Another way to assess how well countries have advanced in their human-rights policies is to look at the concluding observations compiled by relevant treaty bodies. It has been brought out in multiple venues that the UPR and the reporting system connected with those observations are intertwined with each other in the sense that the UPR has proved to have a positive effect on state reporting under the international human-rights treaties.  *35 In light of that synergy, this article attends specifically to the concluding observations by the Committee of Economic, Social and Cultural Rights (CESCR) by taking into consideration the periodic reports that states submit to the treaty body on their implementation of the rights outlined in the ICESCR.  *36 In addition to states’ reporting, the concluding observations take into account information received from other stakeholders: UN agencies, academic institutions, national human-rights organisations, etc.  *37 The treaty body will both specify the positive steps taken by the given country to safeguard the rights provided for by the treaty and identify areas that need further work and development by the government.  *38 Moreover, the concluding observations offer guidance by giving the states practical advice on how to proceed toward fuller implementation of the rights laid down in the relevant treaty.  *39

Analysing the UPR and concluding observations in parallel makes it possible to pinpoint the most significant worker-rights issues across the board, particularly with regard to the garment industry. Additionally, comparing the recommendations from the last two reporting periods aids in ascertaining whether the countries analysed have made progress in protection of human rights and in highlighting the main issues that persist. If the recommendations made by fellow member states or treaty bodies remain the same over the years, one may safely conclude that the government in question has not bettered the workers’ human-rights situation and conditions in the interim. Hence, the approach represented here offers a comprehensive understanding of the most significant human-rights challenges in the garment industry in each of the countries considered.
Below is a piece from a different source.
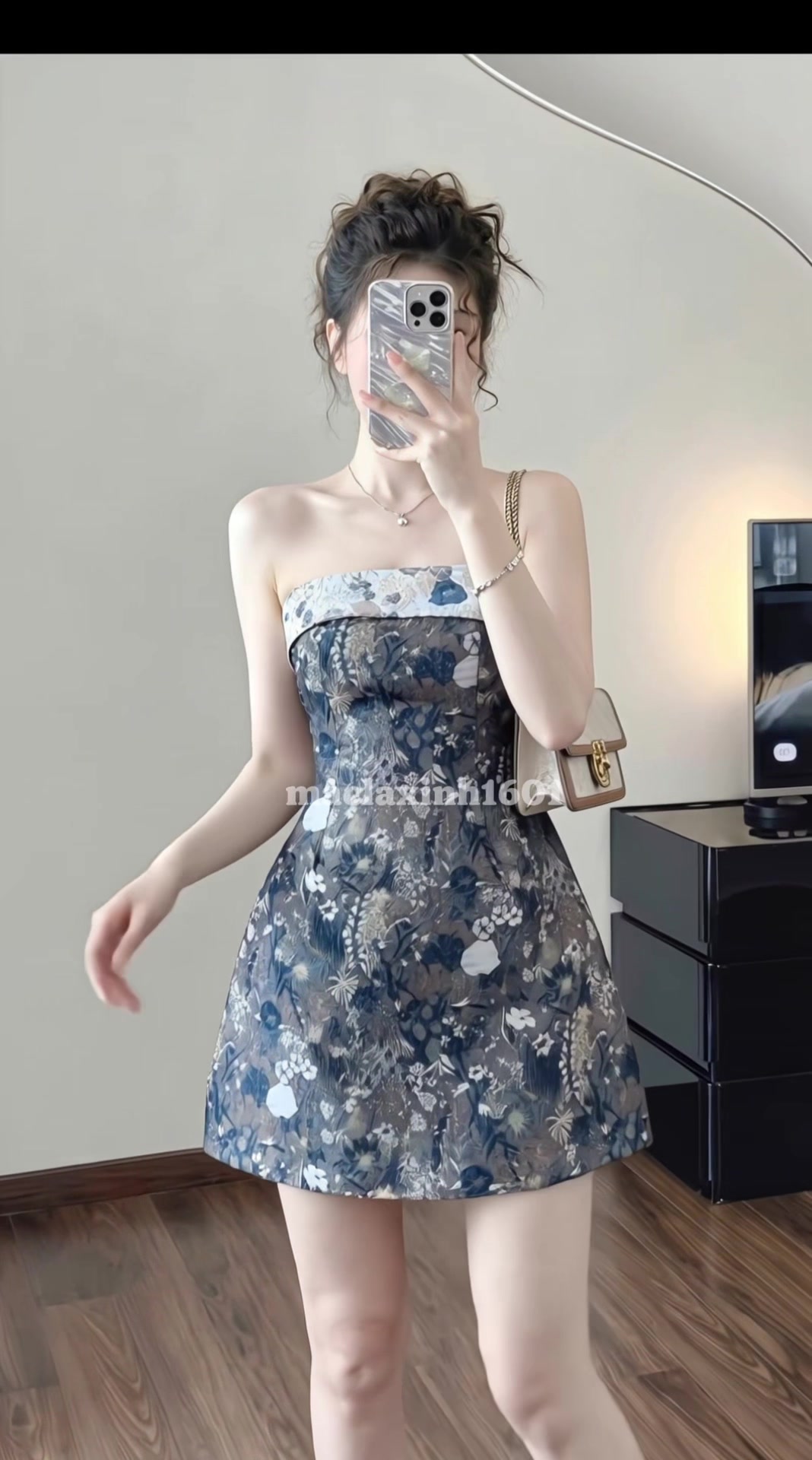 @Tủ đồ xinh❤️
Let us begin by looking at Bangladesh. In the wake of the second UPR reporting cycle, it received nearly 200 recommendations.  *40 It was recommended that the country continue protecting and promoting human rights, particularly economic, social, and cultural ones. Some member states also stressed the need for Bangladesh to work to reduce the number of people living in poverty by improving human living standards.  *41 There were recommendations specifically angled toward garment workers. One of these was to enforce international labour standards by adopting national laws that strengthen occupational health and workplace safety.  *42 Other suggestions were to provide better legal and professional protection for those employed in the garment sector and to enable stronger protection for freedom of association.  *43 Also, a need to enhance labour inspections was highlighted.  *44

Reviewing the concluding observations of the CESCR, in turn, reveals topics similar to those that the UPR found to be of concern – poverty in Bangladesh  *45, the matter of minimum wages  *46, health and safety of the workers  *47, support for just and favourable work conditions  *48, and the collective right to unionise  *49. Additionally, the committee addressed the informal economy in Bangladesh, highlighting that nearly 90 per cent of the country’s labour force is engaged solely in the informal economy, meaning that social and labour protections rarely cover real-world workers. The CESCR recommended that Bangladesh ‘regularise’ the informal economy to improve the protection of those working within it.  *50 While the conclusions do not cite the garment industry as a context wherein the informal economy poses problems, this question is worth further analysis.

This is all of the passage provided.